The point of this sad story is that if going to lunch with the boss is this dangerous, imagine the risks of actually taking that cross-country flight with El Queso Grande. It could be a complete, career-ending disaster, or as a recent column by Sara J. Welch in The New York Times recently suggested, “ A Tandem Business Trip Can Be an Opportunity to Stand Out.”
As an example of an employee who turned a trip with the boss into a springboard for promotion, Ms. Welch tells the story of a large-size female employee who, after her airline delivered her to petit-only Manila without her suitcase, “went a whole week dressed in men’s clothes and didn’t bat an eye.”
“The fact that this woman was able to adapt and roll with the punches,” made her boss realize that she could be a “star performer.” That she could also be a cross-dresser apparently did not cross the boss’s petit-size brain, but I still wouldn’t recommend the technique if you happen to be an employee of the male persuasion.
The fact that you could spend a week in female clothing may not be immediately recognized as a knack for “rolling for the punches.” In fact, you may find yourself on the receiving end of a few rather painful verbal punches (and pinches) when you return to HQ.
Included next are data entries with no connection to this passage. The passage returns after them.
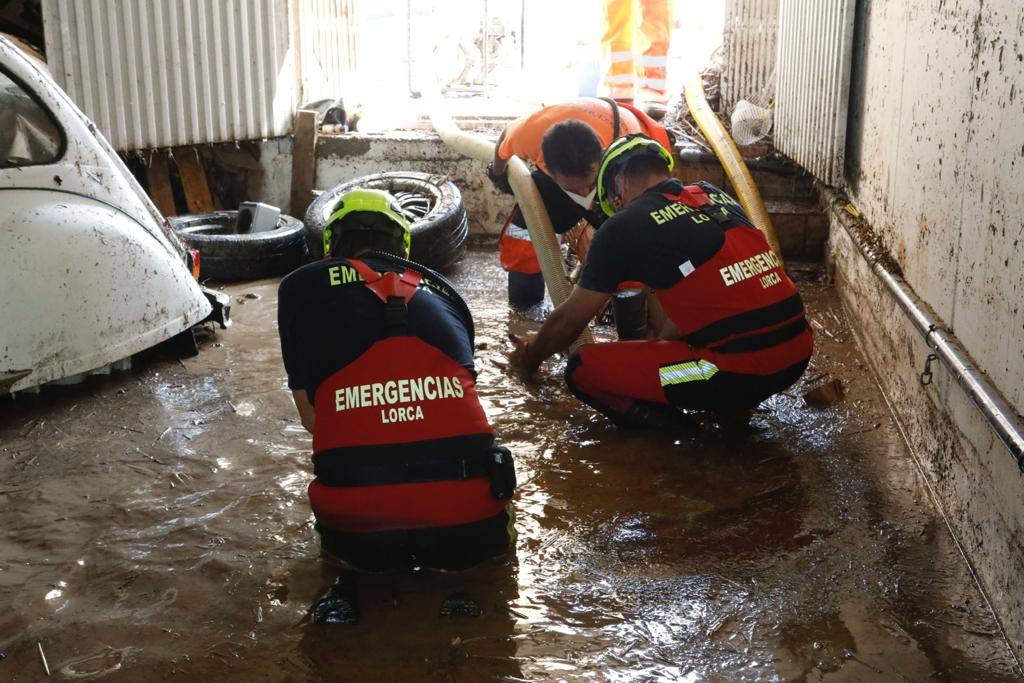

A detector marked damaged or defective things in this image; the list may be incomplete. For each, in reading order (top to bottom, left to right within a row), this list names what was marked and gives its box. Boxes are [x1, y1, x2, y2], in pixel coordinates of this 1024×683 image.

rusted metal wall [41, 0, 294, 150]
rusted metal wall [296, 0, 356, 102]
rusted metal wall [720, 0, 774, 114]
rusted metal wall [774, 0, 856, 185]
damaged white car [0, 36, 228, 395]
rusted metal wall [835, 0, 1019, 663]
The Times column does provide a few semi-helpful tips for traveling with the boss. Terry Riley, a corporate psychologist from Santa Cruz, California, suggests that employees should “research the destination and the wants and needs of their traveling companion.”
“Ask the person’s assistant if they have any food allergies, say, or if there’s anything she especially likes to do.”
You certainly can spend time doing this kind of research, and if you learn that your boss is deathly allergic to, say, fish, a lot of potential problems could be avoided simply by showing up at the airport wearing a cologne made up of equal parts ground tuna and raw sardine. There’s no telling how impressive you can be with the boss in intensive care.
As for investigating what the boss “especially likes to do,” that certainly won’t be necessary. Who knows better than you that the boss really enjoys abusing innocent underlings for trivial mistakes that are not their fault. On a business trip of even moderate length, you should be able to find plenty of opportunities to take the blame for events that disappoint your manager, like the absence of Absinthe in the hotel mini-bar, or the excess pulp in the boss’s fresh-squeezed orange juice.
Ms. Welch’s column also cautions low-echelon traveling companions from being too friendly with their betters. Before you change your regular greeting from “Hello, Mr. Important, Sir. And may I say I feel honored to be in your exalted presence” to “Hey, Dude, wazzup?” consider the opinion of Chicago-based, industrial psychologist, Michael Barr, that traveling with a superior is like a job interview—“Remember, you’re being evaluated every minute.”
This is not to say that you can’t ever relax when on the road. After you’ve tucked your boss into bed, you are certainly free to take off and visit that leather and latex biker bar.
And if you see the boss there, remember to take pictures. They’ll be a nice memento for the two of you as you start what I suspect could be a rapid rise up the corporate ladder.